He lowered his head, rubbed the back of his neck, rehearsing the litany of self-recriminations that always consummated such shameful thoughts. In his soul’s eye, he saw his father, Skiötha, his face blackening as he suffocated in the muck. When he looked up, his thoughts were as vacant as his expression. Conphas. Ikurei Conphas was the focus of what was about to unfold, not Cnaiür urs Skiötha.
First reread: this is an organic approach to Conditioning. First, the chant, then the reduction, then oblivion, then locus
Another officer rushed him, a young noble with the motif of House Biaxi across his shield. Cnaiür could see the terror in his eyes, the realization
A note later in the book tells us Biaxi are the ancestral rivals of the Ikurei. Whoops, looks like whoever planned this battleground stuck the Biaxi squires in the way of where the Utemot charge would be. I'm sure Conphas didn't mean anything by it.

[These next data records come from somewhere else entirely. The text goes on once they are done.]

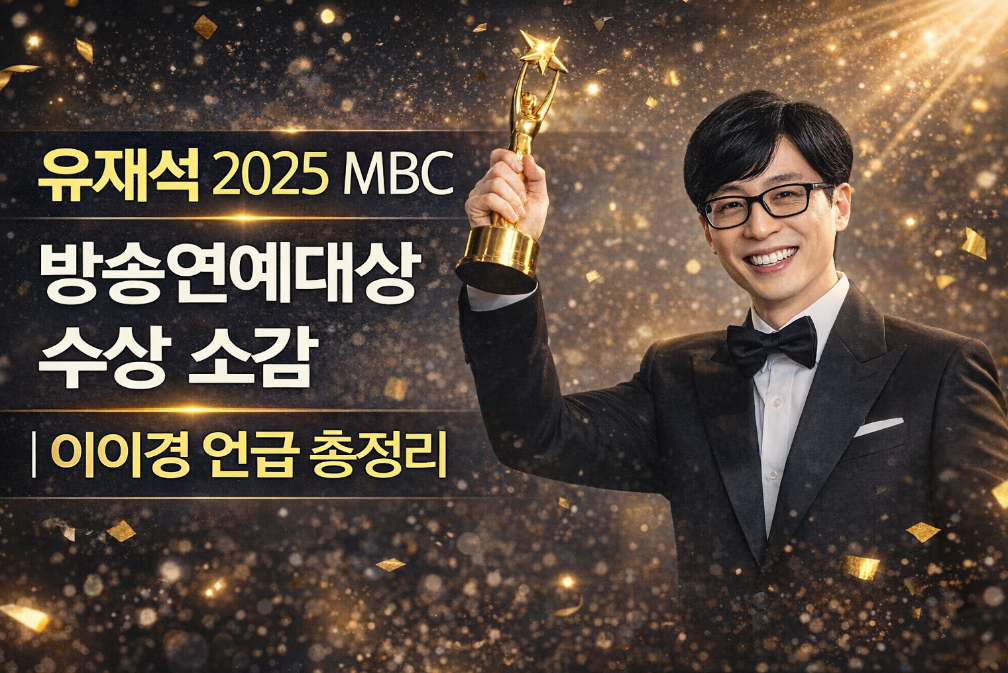 유재석 MBC 연예대상 수상소감 이이경 언급 3분 완벽정리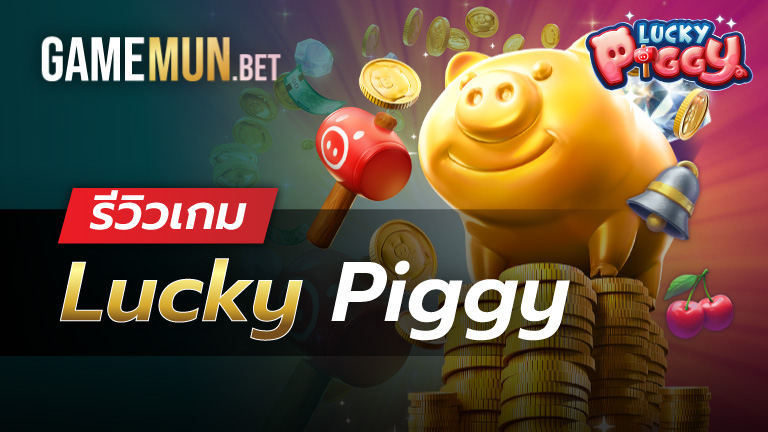 รีวิวสล็อต Lucky Piggy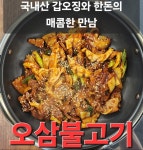 정가네해물삼합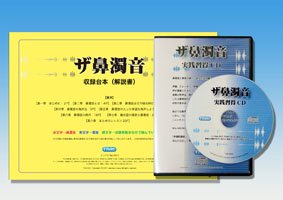 ザ鼻濁音CD　セット（収録台本とCD) 同時購入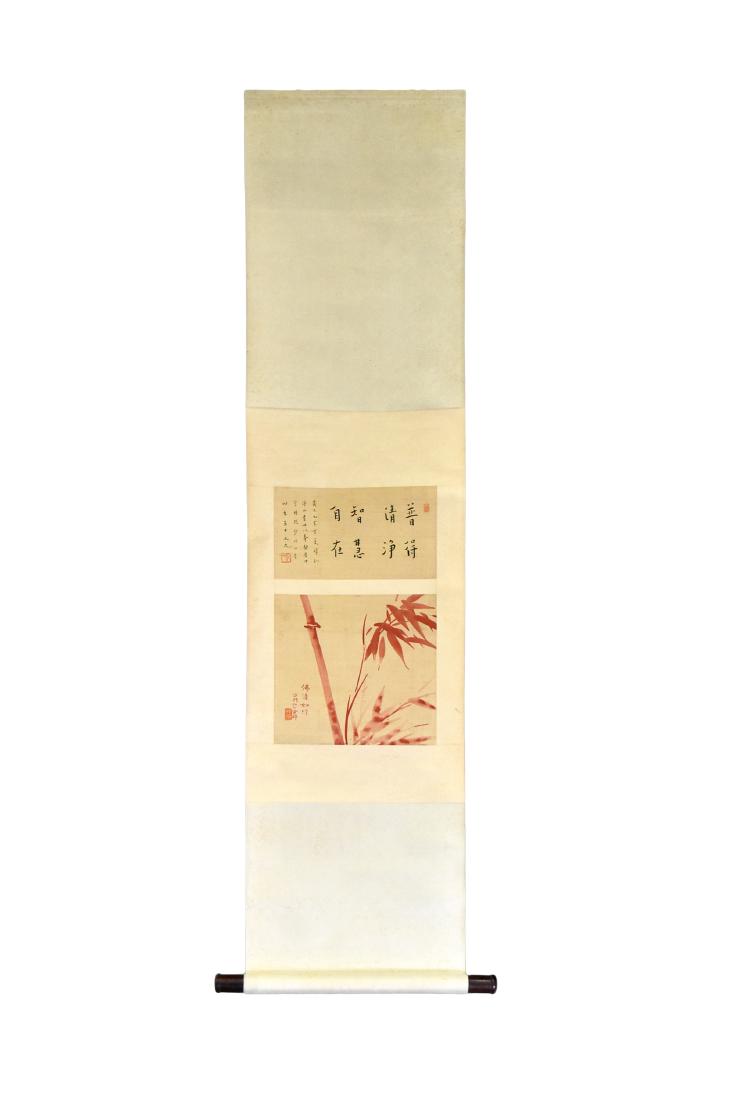 CHINESE PAINTING & CALLIGRAPHY SCROLL OF BAMBOO (1 of 5)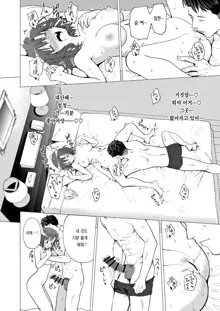 Papa Katsu Hajime masita 1～Joshidaisei Hen ①～ | 파파카츠 시작했습니다 6~여대생 편 ①~, 한국어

His uncle was like those uncommon drunks who slurred and staggered day after day yet became lethally alert when confronted by danger.
Surprisingly reinforces from a second perspective the emperor's belief in his ability to detect danger. We may otherwise have assumed this to be an unreliable narrator, a drunk believing himself more sober than apparent, a blind spot in paranoia.
Tremors spilled into Xerius’s hands. He clasped them together. Attempted to gather his thoughts. Looked away from their wolfish faces. All those years ago! Fumbling with a small black vial the size of a child’s finger, pouring the poison into his father’s ear. His father! And his mother’s . . . no, Istriya’s voice thundering in his thoughts: The dynasty, Xerius! The dynasty!
Again, the hands are Xerius's tic. The ear poison calls King Hamlet's death at Claudius's hands to mind; is a son to revenge his ancestor on an uncle soon?
The official criteria for such rank were clear, more or less—nearness to the Emperor, which was easily measured by the hierarchy of stations within his labyrinthine ministries, or, at the opposite pole, affiliation with House Biaxi, the traditional rival of House Ikurei.
At Kiyuth, the Biaxi squires are placed to receive the Utemot charge - Cnaiur mentally marks a device worn by a young challenger.